I have taken a look into this. ci-op-351tf1zl-c470d-vgjf6-worker-us-east-1b-fg78b is one of two machines stuck in 'provisioned' and should not be. The machine is listed as 'running' in the cloud, has networking info. There are no pending CSRs. There is no trace of the machine in the MCS server.
This looks like an ignition failure to me. Moving to MCO team.
possibly related to https://bugzilla.redhat.com/show_bug.cgi?id=1859428#c12
This is failing 10% of runs on openstack and aws:
Bumping severity to urgent to reflect failure percentages
So I took a quick look at a failing job https://prow.ci.openshift.org/view/gs/origin-ci-test/logs/release-openshift-ocp-installer-e2e-aws-serial-4.6/1300592655343816704
and a passing job https://prow.ci.openshift.org/view/gs/origin-ci-test/logs/release-openshift-ocp-installer-e2e-aws-serial-4.6/1300691923236818944
> There is no trace of the machine in the MCS server.
That's not the case, see the following MCS logs:
There's 5 requests, 3 initially and 2 a bit later. those are the 3 initial workers + 2 scaleup workers. Its a bit confusing because I think its logging based on ip of the availablity zone (2/1 zone split -> 3/2 as defined by the job so it checks out there) which is odd because I thought we used ip of workers.
I don't think its an ignition failure based on that (its still possible) but I cannot verify since I have no access to the console logs. See: https://gcsweb-ci.apps.ci.l2s4.p1.openshiftapps.com/gcs/origin-ci-test/logs/release-openshift-ocp-installer-e2e-aws-serial-4.6/1300592655343816704/artifacts/e2e-aws-serial/nodes/
There are all 8 nodes there (6 initial + 2 scaleup) but none of those has any console logs (all empty). This is also the case for the passing job so something may have regressed gathering of that. In light of this I don't have the logs to continue debugging. We'd have to somehow reproduce this in a live cluster or have the console logs capture more info.
One suspect is this: https://bugzilla.redhat.com/show_bug.cgi?id=1859428#c16 that the image pull failed on those nodes.
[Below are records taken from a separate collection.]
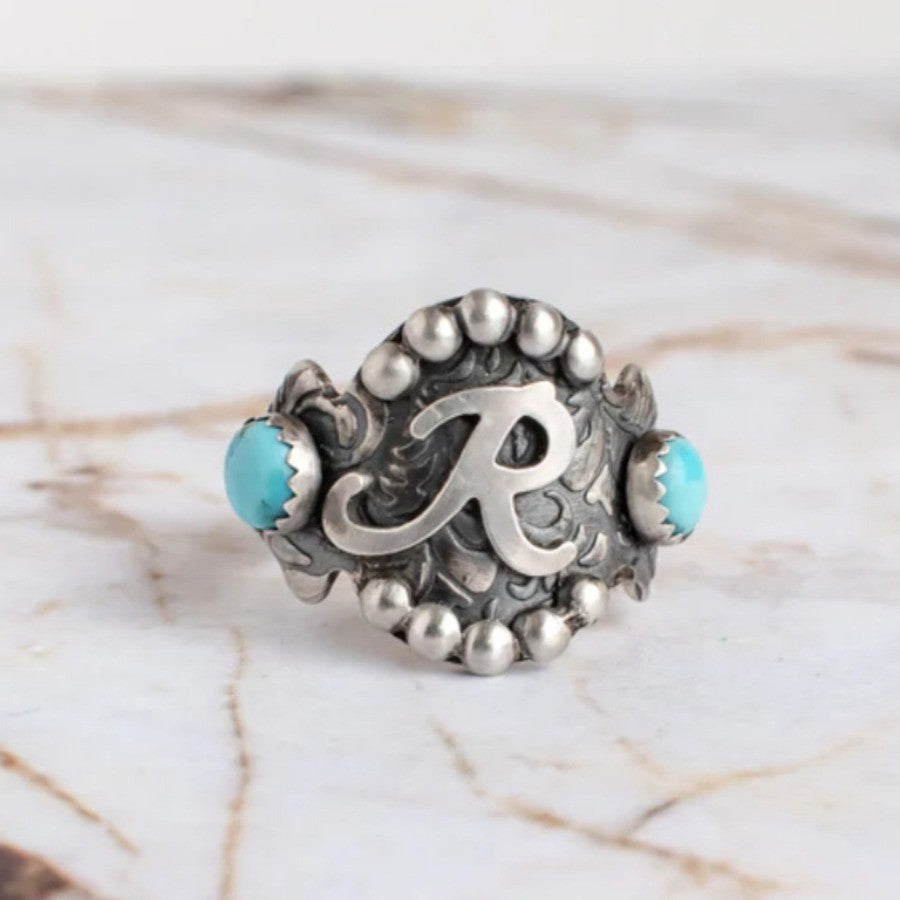 Turquoise Initial Ring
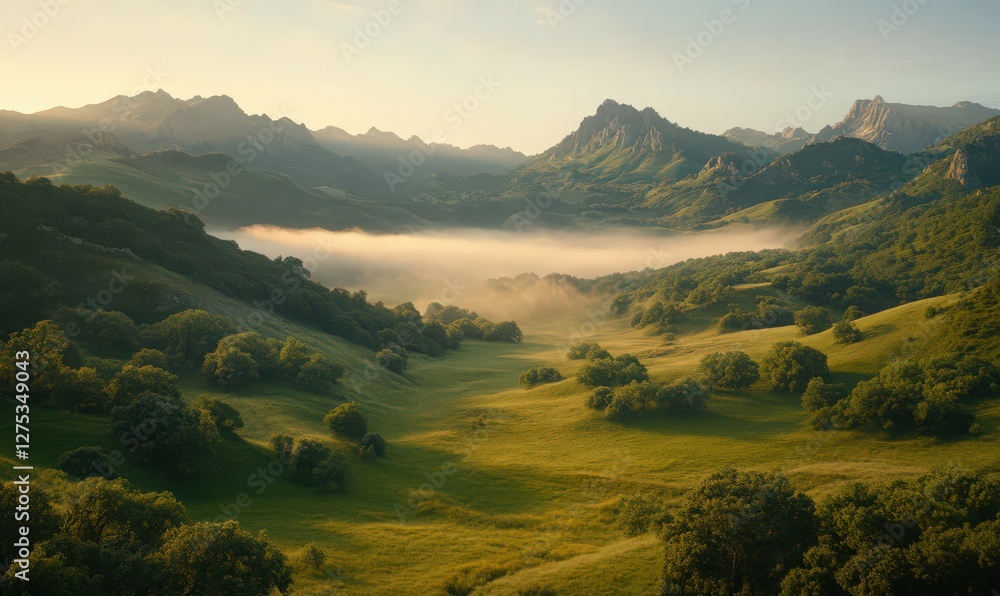 Fototapeta premium Misty Valley Sunrise Golden Light on Rolling Green Hills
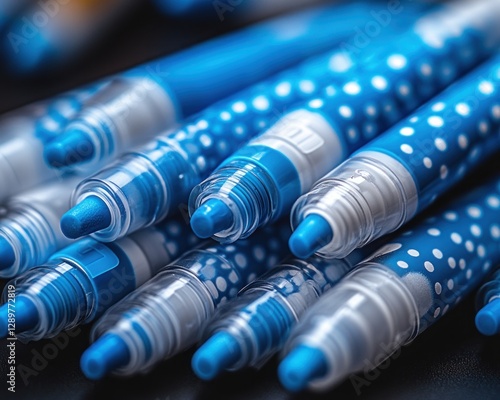 Assorted Blue and White Injectors for Subcutaneous Injection of Diabetes and Obesity Medication in a Chaotic Heap photo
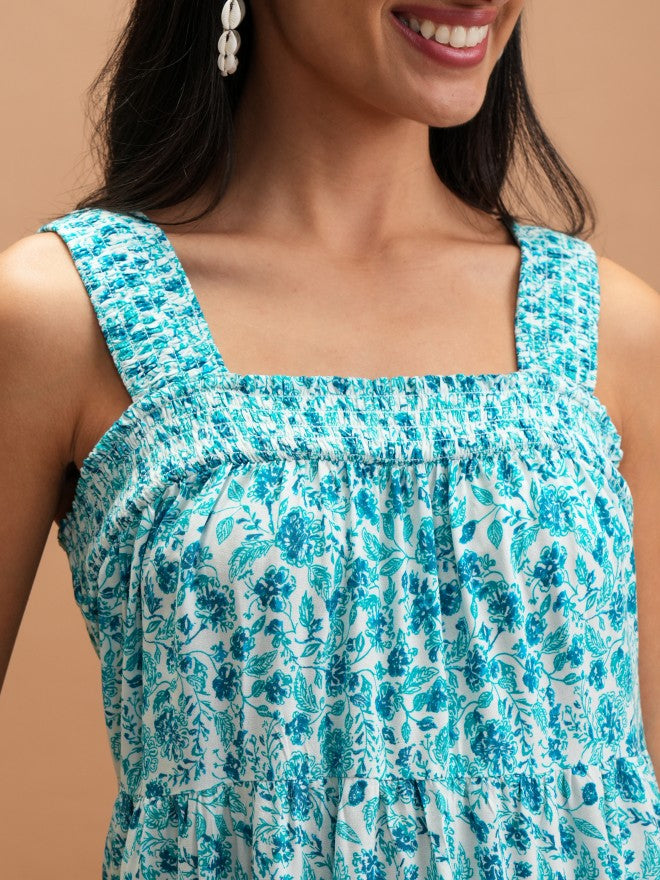 Vishudh Women Turquoise Printed A-Line Dresses - Turquoise - Image 5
That said since 2 workers are being scaled up, what are the chances that they both failed a pull if its just a transient network hiccup? I'm not sure where in the networking stack it fails either so I think we'd have to check deeper.
The easiest "fix" we can move forward with is to add a retry to that service and see where that gets us but without more info I have no guarentee that will solve this bug
*** Bug 1859428 has been marked as a duplicate of this bug. ***
Looking at the CI history of the e2e-aws-serial job
...shows mostly green for the last 7 days
Failures found in the history were unrelated to the test that was originally reporting failing.